Although these two theories of semantic expectancy do not make strong predictions about RTs without additional assumptions, we also analyzed the participants’ RTs to gain a fuller understanding of the results. RT was recorded as the duration (in ms) between the offset of the sentence and the participant’s selection for each trial and binned based on whether participants provided a correct or incorrect selection, as illustrated in Figure 4. RT is represented by mean ± standard error for each expectancy condition (congruent, neutral, conflicting) and each listening condition. We consider RT for correct trials here.
FIGURE 4. Mean (±SE) for reaction time (RT), averaged across participants, for each expectancy and listening condition. (A) RT for correct trials only and (B) RT values for incorrect trials only.
Using linear mixed-effects models, we tested for effects of listening condition (clear, -7 dB SNR, -12 dB SNR) and expectancy condition (congruent, neutral, conflicting) on participants’ RT for correct trials while including maximal random effects associated with participants and target word. As in the models for task accuracy described previously, successive difference contrasts were used to evaluate the fixed effects of listening condition (clear, -7 dB SNR, -12 dB SNR) and expectancy condition. P-values on fixed effects were again obtained by likelihood ratio tests.
The linear mixed-effects model revealed a significant main effect of listening condition: RT for trials in -7 dB SNR was slower than RT for trials in quiet (β = 309 ms, SE = 47, p < 0.0001), and similarly, RT for trials in -12 dB SNR was slower than RT for trials in -7 dB SNR (β = 341 ms, SE = 57, p < 0.0001). When looking at differences in RT across the expectancy conditions, RT for trials with congruent expectancy was significantly faster than RT for trials with neutral expectancy (β = 110 ms, SE = 348, p < 0.5). In contrast, RTs for trials with conflicting expectancy (i.e., RTs for trials where participants chose the acoustic target) were not significantly different compared to RTs for trials with neutral expectancy (β = -22 ms, SE = 31, p = 0.45). There was a significant interaction term comparing the contrasts between -12 dB SNR to -7 dB SNR and congruent to neutral (β = -123 ms, SE = 42, p < 0.01). This interaction indicates that RTs for correct trials were more similar between congruent and neutral expectancy for the -12 dB SNR condition than for the -7 dB SNR condition. Overall, these results suggest that congruent expectancy, the one condition in which the word predicted by the semantic expectancy did in fact appear, promoted faster RTs, and this effect was moderated when the sentence frame was embedded in such a high level of noise that it could not be used to generate a strong expectancy. These results replicate prior studies’ RT results that support the facilitation-only theory, as congruent expectancy decreased RT and conflicting expectancy did not change RT compared to the neutral condition.

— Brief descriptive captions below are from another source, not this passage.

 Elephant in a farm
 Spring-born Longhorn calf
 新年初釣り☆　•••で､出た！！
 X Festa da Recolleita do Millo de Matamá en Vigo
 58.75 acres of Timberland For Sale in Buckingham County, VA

The above accuracy analysis indicated that, as predicted by the belief shift theory, participants’ beliefs are shifted away from the correct word by conflicting semantic expectancy when processing speech that has been degraded by background noise. This was shown by a lower accuracy in the conflicting condition. But the prediction of the belief shift theory was actually more specific: in the conflicting condition, participants should not just be less likely to choose the correct word (lower accuracy), they should be more likely to choose the word that would have been predicted by the semantic expectancy. Here, we test this further prediction of the belief shift theory by analyzing the responses in the trials in which a participant was incorrect.

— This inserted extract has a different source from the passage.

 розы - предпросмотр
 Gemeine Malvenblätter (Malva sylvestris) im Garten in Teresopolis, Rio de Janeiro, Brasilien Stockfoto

In order to discern whether there was a pattern of errors in each listening condition and each expectancy condition, we analyzed the types of errors made in each listening condition and expectancy condition (Figure 5). For these analyses, we focused on errors in the -7 dB SNR and -12 dB SNR conditions because of the small number of errors (i.e., four errors) in the quiet condition. Error rates were calculated out of the total number of trials (i.e., 20 trials for each expectancy condition in each listening condition). Recall that the task was designed so that participants chose among four images: the image that matched the acoustic target and three competitor images (Figure 2). The competitor images were classified as either one of the following:
FIGURE 5. The mean (±SE) proportion of each error type out of total number of trials for each listening condition, averaged across subjects. (A–C) shows proportion of each error type for the congruent, neutral, and conflicting expectancy conditions, respectively.

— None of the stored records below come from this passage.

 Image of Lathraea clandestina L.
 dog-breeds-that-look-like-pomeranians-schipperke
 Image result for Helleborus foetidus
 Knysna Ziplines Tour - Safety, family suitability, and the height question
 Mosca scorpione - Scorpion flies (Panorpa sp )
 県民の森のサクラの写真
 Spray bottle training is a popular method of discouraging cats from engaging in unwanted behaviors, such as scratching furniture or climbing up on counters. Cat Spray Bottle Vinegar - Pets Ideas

(1) Expectancy competitor, which was the semantically correct word in the conflicting expectancy condition.
(2) Rhyme competitor, which differed from the semantically and acoustically correct target in the congruent expectancy condition by the initial phoneme. In the conflicting expectancy condition, the expectancy and rhyme competitors were the same word.
(3) Initial phoneme competitor, which shared the same initial phoneme as the target.
(4) Random competitor, which is a target for another sentence carrier that is presented in the task.
Accuracy was poorest and, therefore, the number of errors to evaluate were highest in the conflicting expectancy condition. Inspection of the errors in the conflicting expectancy condition (Figure 5C) in -12 dB SNR revealed that the majority of errors were due to selecting the expectancy competitor instead of the target (averaged across subjects: 38.95 ± 2.16%). In contrast, selecting another competitor (4.80 ± 0.84%) was not nearly as common. There was a similar pattern in -7 dB SNR, where selecting the expectancy competitor in lieu of the target made up the largest proportion of trials (31.87 ± 3.60%), compared to other competitor types (0.01 ± 0.01%). Evidently, in the conflicting condition, a majority of errors are due to participants selecting the expectancy competitor instead of the target, which supports the predictions of the belief shift theory.
Inspection of the neutral and congruent conditions (Figures 5B and A, respectively) revealed fewer errors and more distributed competitor selections compared to the conflicting condition. For the neutral condition in -12 dB SNR, there was a larger proportion of selections for the rhyme competitor (16.87 ± 1.3%) than other competitors (4.58 ± 0.97%). This was similar in the congruent condition (rhyme: 14.16 ± 2.16%; other competitors: 4.89 ± 0.9%). In -7 dB SNR, there was a similar pattern in the neutral condition (rhyme: 5.83 ± 1.07%; other competitors: 1.97 ± 0.59%) and congruent condition (rhyme: 3.12 ± 0.79%; other competitors: 0.94 ± 0.28%). Overall, error rates were smaller in the neutral and congruent conditions compared to the conflicting condition, and the rhyme condition was the largest error type here.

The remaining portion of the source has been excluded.